Solution: Notice that this is the same as $\sin \left( -\dfrac{1}{2} \cdot \dfrac{\pi}{4} \right)$. So we use the half-angle identity, taking the negative value because $\dfrac{\pi}{8}$ lies in QIV to get
$$\sin \left( -\dfrac{\pi}{8} \right) = -\sqrt{ \dfrac{1-\cos(\frac{\pi}{4})}{2}} = -\sqrt{\dfrac{1-\frac{\sqrt{2}}{2}}{2}}=\dfrac{\sqrt{2-\sqrt{2}}}{2}.$$
Section 3.6 #49: Establish the identity
$$\cot(2\theta) = \dfrac{\cot^2(\theta)-1}{2\cot(\theta)}.$$
Solution: Compute
$$\begin{array}{ll}
\cot(2\theta) &= \dfrac{\cos(2\theta)}{\sin(2\theta)} \\
&= \dfrac{\cos^2(\theta)-\sin^2(\theta)}{2\sin(\theta)\cos(\theta)} \\
&= \dfrac{\cos^2(\theta)-\sin^2(\theta)}{2\sin(\theta)\cos(\theta)} \left( \dfrac{\frac{1}{\sin^2(\theta)}}{\frac{1}{\sin^2(\theta)}} \right) \\
&=\dfrac{\cot^2(\theta)-1}{2\cot(\theta)},
\end{array}$$
as was to be shown.
Section 3.6 #79: Find the exact value of
$$\sin \left( 2 \sin^{-1} \left( \dfrac{1}{2} \right) \right).$$
Solution: By the double angle identity,
$$\sin \left(2\sin^{-1} \left( \dfrac{1}{2} \right) \right)=2 \sin \left( \sin^{-1} \left( \dfrac{1}{2} \right) \right) \cos \left( \sin^{-1} \left( \dfrac{1}{2} \right) \right) = \cos \left( \sin^{-1} \left( \dfrac{1}{2} \right) \right).$$
Let $\theta=\sin^{-1}\left( \dfrac{1}{2} \right)$ then $\theta$ lives in QI or QIV. Also $\sin(\theta) = \dfrac{1}{2}$ so $\theta$ lives in QI or QII. Therefore $\theta$ lives in QI.
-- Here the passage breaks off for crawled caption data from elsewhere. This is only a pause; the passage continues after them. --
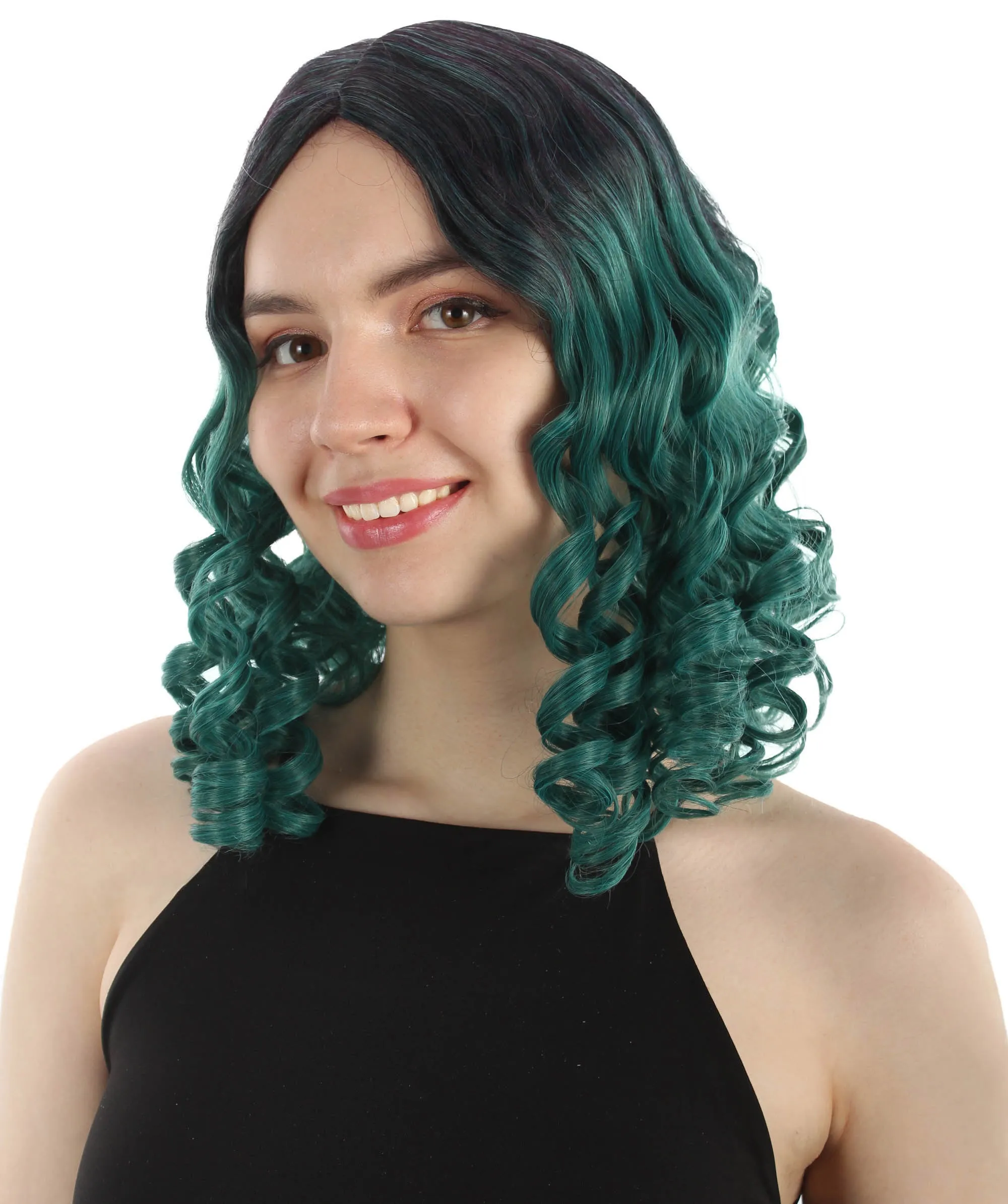 Curly Goldilocks Wig, Multi Color Synthetic Fiber Hair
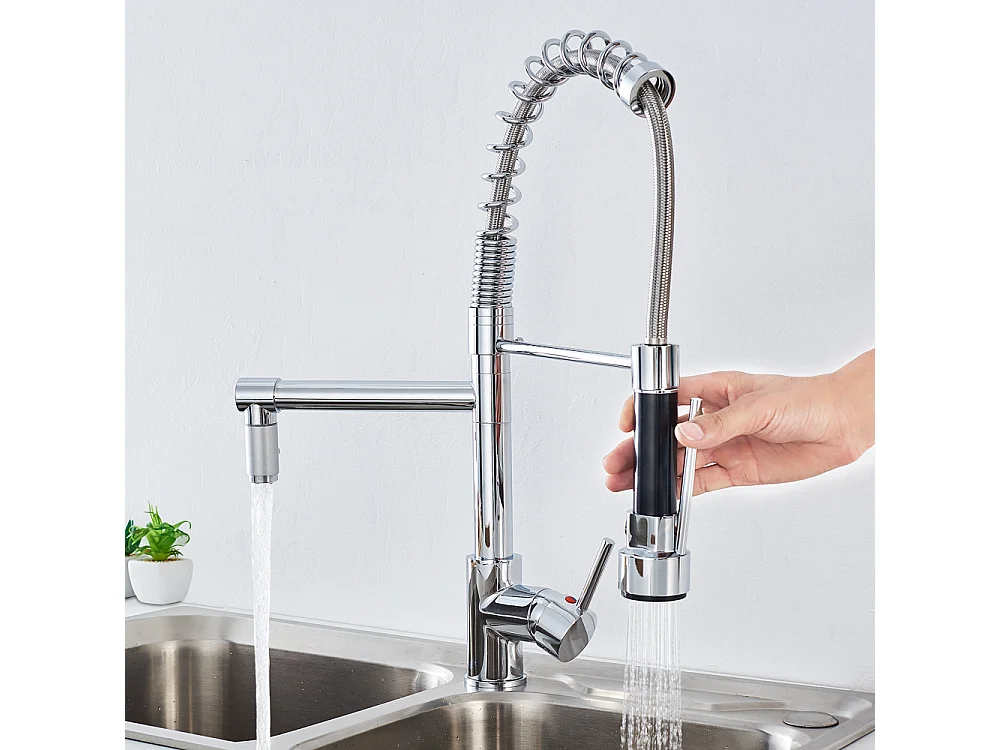 Mitigeur Cuisine avec Douchette Extractible Chromé,Robinet évier Moderne Laiton,Rotatif 360°,Robinetterie Rétractable,Robinet Cuisine 2 Jets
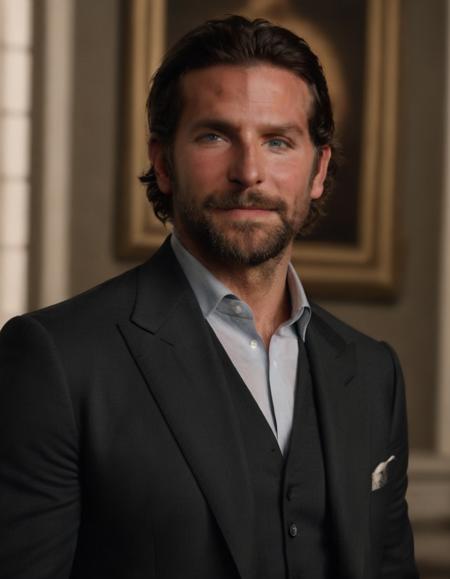 photo of bradley cooper standing at a museum, cinematic lighting, hero pose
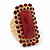 Square Red Acrylic Bead, Diamante Flex Cocktail Ring In Gold Plating - 35mm Across - Size 7/9 - view 3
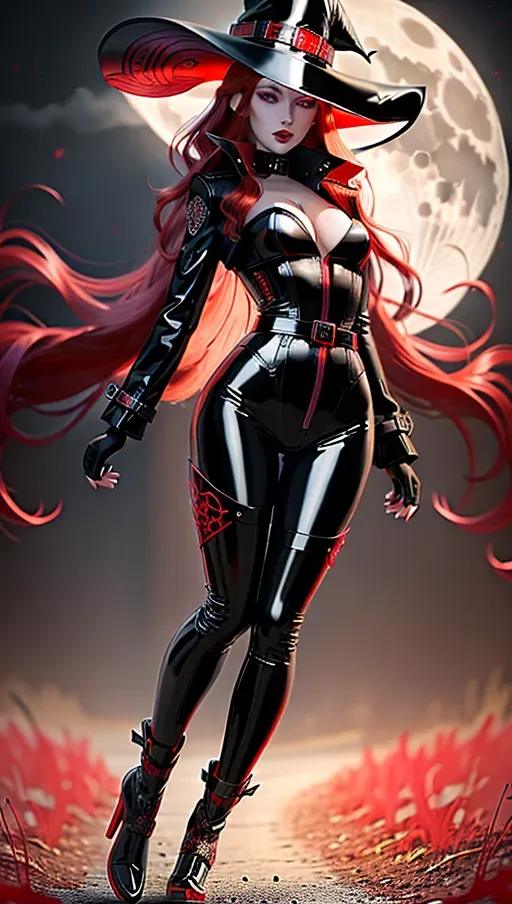 6 foot 7 Woman, pale skin, violet eyes, (((long flowing red hair down to her butt))), (((A Skin Tight Matte Black Latex Body Suit with Red Filigree))), Thigh High Boots with Red Laces, ((((A Black Trench Coat with a Red, Glowing Liner that reaches down to the ankles)))), A Black Witch Hat with a Red Leather Belt and Silver Buckle on it with a glowing Red liner, forest at night, full moon,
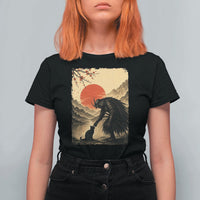 Vintage Japanese Art Samurai Warrior Black Cat T Shirt For Women Ukiyoe Style Boop Meme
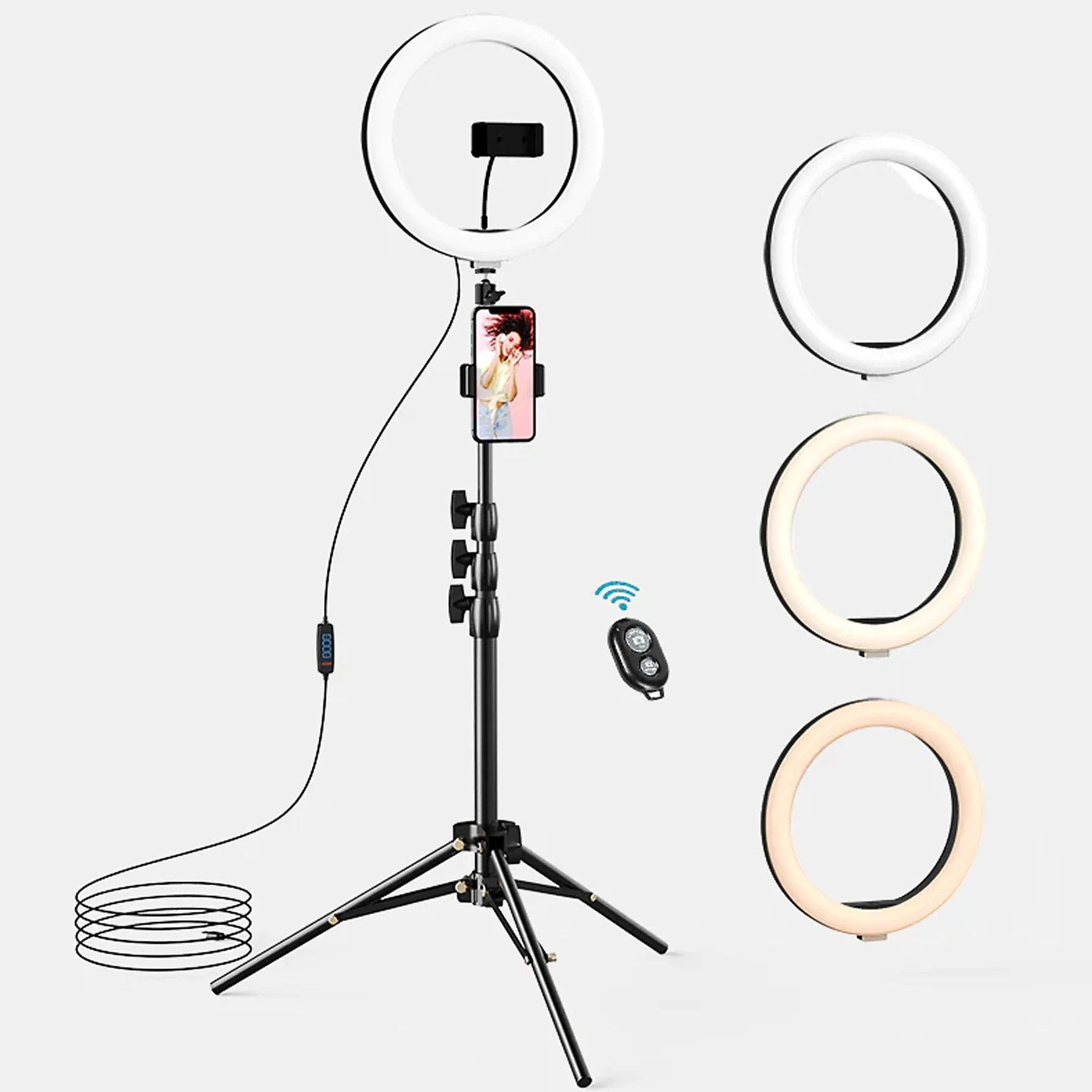 HIYORI Ringlicht LED Ringlicht 10,2" mit Flexiblem Stativ und Smartphone-Halter, Ringleuchte Ideales Licht für Selfies, YouTube und TikTok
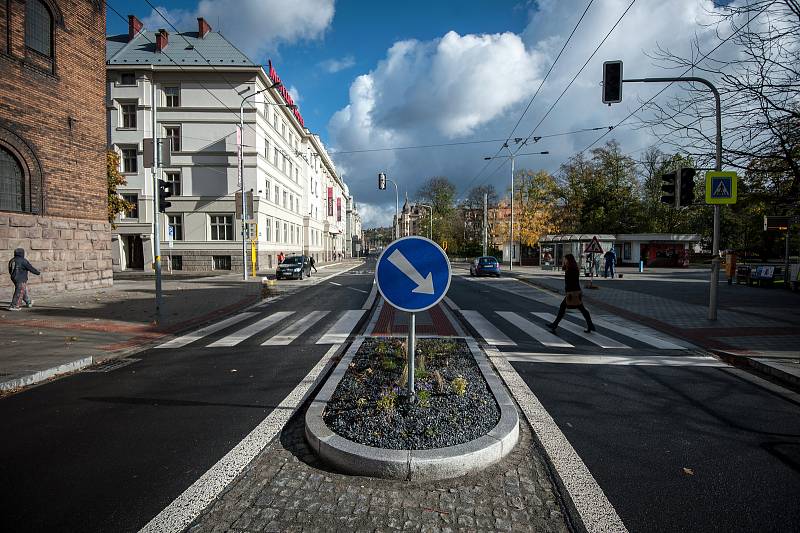 Ulice Českobratrská v Ostravě po rekonstrukci, snímek z 30. října 2017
Since $\sin(\theta) = \dfrac{y}{r}$ we will take $y=1$ and $r=2$. Using $x^2+y^2=r^2$ we plug in our values and solve for $x$ to get $x= \pm \sqrt{4-1}=\pm\sqrt{3}$. Since $\theta$ is in quadrant I we take $x=\sqrt{3}$. Therefore we compute
$$\sin \left( 2 \sin^{-1} \left( \dfrac{1}{2} \right) \right)=\cos\left( \sin^{-1} \left( \dfrac{1}{2} \right) \right)= \dfrac{\sqrt{3}}{2}.$$